Stage 4: Piacenza – Sestola. The meaning of “Meo”
This is the story of a popular word that was used frequently around Sestola, and in most of the Apennines between Emilia and Tuscany, “meo”. At least, it was used quite commonly at the time of coalmen, the people who would cut down trees, chop them into pieces, stack them up and then burn them on a slow fire for a very long time, until they became charcoal. The local men would engage in this traditional activity seasonally, sometimes even reaching other forest-rich areas such as Tuscany or Corsica, and spending months in the forests.
None of these companies would ever leave without taking a meo – a young boy who would become a coalman himself in the future – with them. That was the beginning of a backbreaking job, an exhausting apprenticeship as a hut warden, pantry keeper, and often even a scapegoat for the effort and the flaws of the other members. A shared ordeal that even became the subject of a popular song that was chanted in the makeshift shelters among the woods, when it was impossible to work: “Io d’arrivare in fondo non credéo/ Dio mi riguardi di rifarlo il meo”, which translates as “I didn’t think I would ever see this through. God please never let me be a ‘meo’ again”.

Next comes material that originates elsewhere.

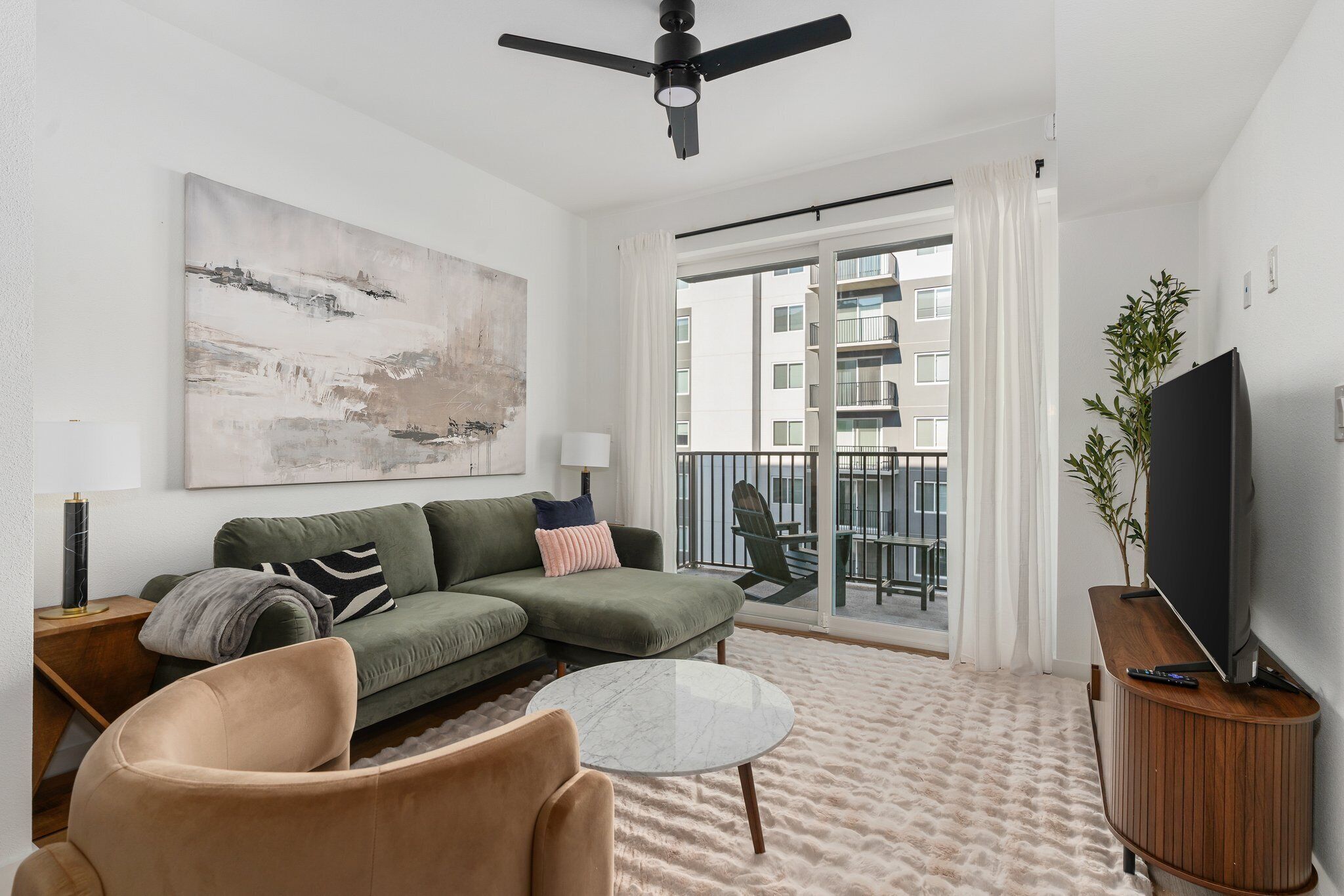 A modern living room with a green sofa, a beige armchair, a round coffee table, and a flat-screen TV on a wooden stand.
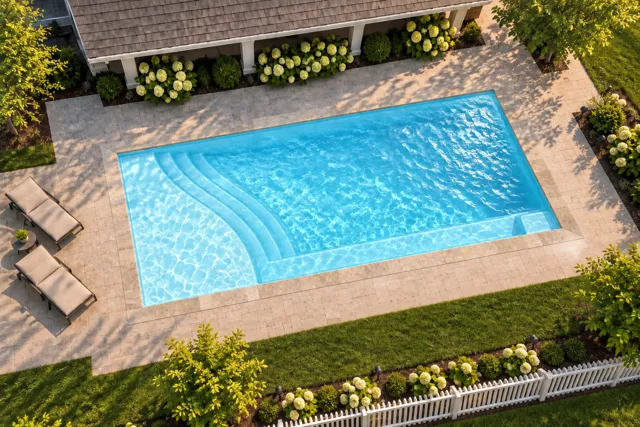 Daytime render of the The Bliss 35 fiberglass pool with stone coping and a Ice Silver interior, seen from above at an angle.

This is also the story of another popular “Meo”, with a capital “M” this time – Romeo Venturelli. He was a native of Sassostorno di Lama Mocogno, near Pavullo, just a few kilometres away from the top of Mt. Cimone, currently the house of one of the major ski areas of the Apennines, in the forests where the hikers have taken the place of the coalmen. Venturelli was one of those riders “subjecting reason to talent”; in his case, it was sheer, undeniable talent for cycling. Back in his amateur years, he once refused to cross the line in first place because that day he wanted to pull off a sprint win, and not win by a good margin.